Linear regression is a fundamental supervised machine learning regression method. This trains a model by minimizing a loss function which depends on a weight matrix and on the training data. The loss can be minimized for example using gradient descent. Neo4j Graph Data Science uses the Adam optimizer which is a gradient descent type algorithm.
The weights are in the form of a feature-sized vector w
and a bias b
.
The loss function is then defined as:
MSE(wx + b)
where MSE
is the mean square error.
To avoid overfitting one may also add a regularization term to the loss.
Neo4j Graph Data Science supports the option of l2
regularization which can be configured using the penalty
parameter.
Tuning the hyperparameters
In order to balance matters such as bias vs variance of the model, and speed vs memory consumption of the training, GDS exposes several hyperparameters that one can tune. Each of these are described below.

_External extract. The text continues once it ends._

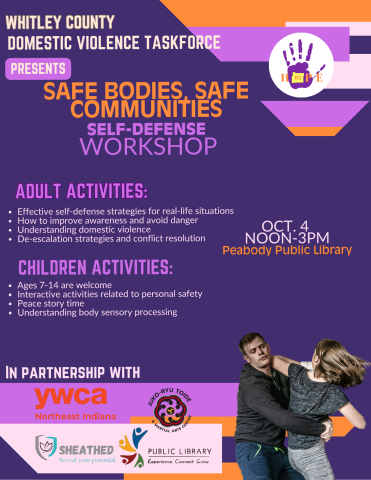 purple flyer with information about self defense workshop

In Gradient descent based training, we try to find the best weights for our model. In each epoch we process all training examples to compute the loss and the gradient of the weights. These gradients are then used to update the weights. For the update we use the Adam optimizer as described in https://arxiv.org/pdf/1412.6980.pdf.

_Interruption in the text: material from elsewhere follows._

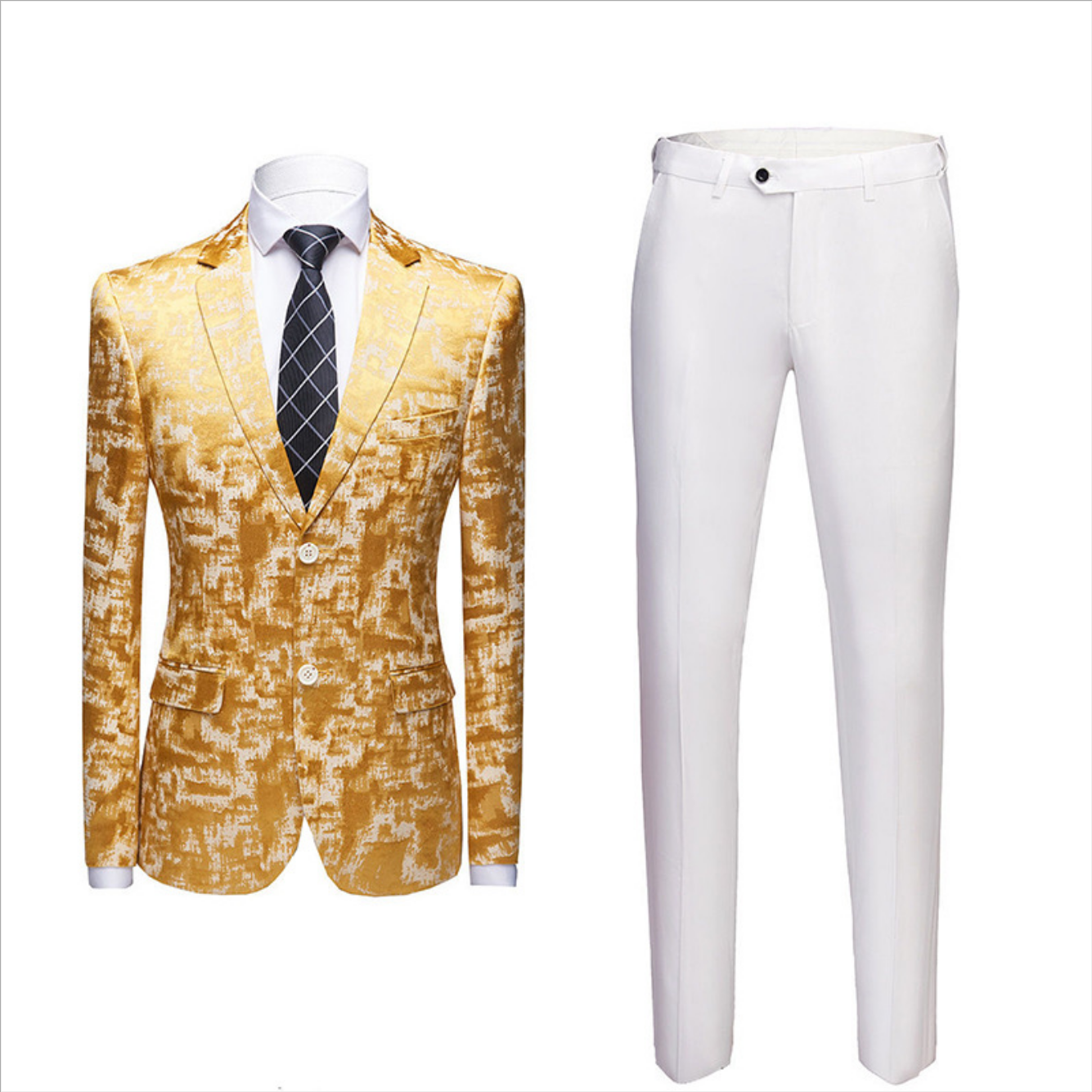 Bright Gold Printed Prom Suit 2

Statistics about the training are reported in the neo4j debug log.
Max Epochs
This parameter defines the maximum number of epochs for the training. Independent of the model’s quality, the training will terminate after these many epochs. Note, that the training can also stop earlier if the loss converged (see Patience and Tolerance.

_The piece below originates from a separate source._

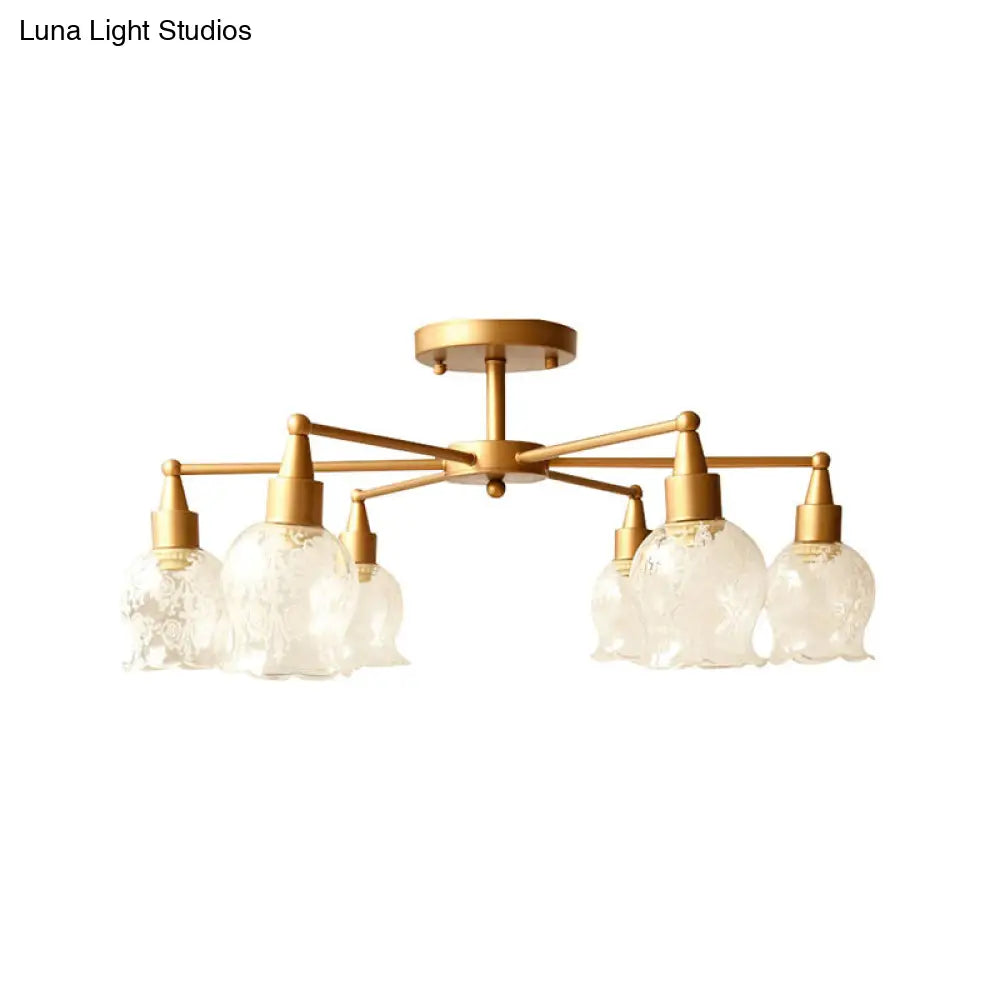 Traditional Gold Semi Flush Light With Flower Shape Clear Glass - 6 Lights Living Room Semi-Mount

Setting this parameter can be useful to limit the training time for a model. Restricting the computational budget can serve the purpose of regularization and mitigate overfitting, which becomes a risk with a large number of epochs.
Min Epochs
This parameter defines the minimum number of epochs for the training. Independent of the model’s quality, the training will at least run this many epochs.
Setting this parameter can be useful to avoid early stopping, but also increases the minimal training time of a model.
Patience
This parameter defines the maximum number of unproductive consecutive epochs.
An epoch is unproductive if it does not improve the training loss by at least a tolerance
fraction of the current loss.
Assuming the training ran for minEpochs
, this parameter defines when the training converges.
Setting this parameter can lead to a more robust training and avoid early termination similar to minEpochs
.
However, a high patience can result in running more epochs than necessary.
In our experience, reasonable values for patience
are in the range 1
to 3
.
Tolerance
This parameter defines when an epoch is considered unproductive and together with patience
defines the convergence criteria for the training.
An epoch is unproductive if it does not improve the training loss by at least a tolerance
fraction of the current loss.
A lower tolerance results in more sensitive training with a higher probability to train longer. A high tolerance means a less sensitive training and hence resulting in more epochs counted as unproductive.
Learning rate
When updating the weights, we move in the direction dictated by the Adam optimizer based on the loss function’s gradients.
How much we move per weights update, you can configure via the learningRate
parameter.
Batch size
This parameter defines how many training examples are grouped in a single batch.
The gradients are computed concurrently on the batches using concurrency
many threads.
At the end of an epoch the gradients are summed and scaled before updating the weights.
The batchSize
does not affect the model quality, but can be used to tune for training speed.
A larger batchSize increases the memory consumption of the computation.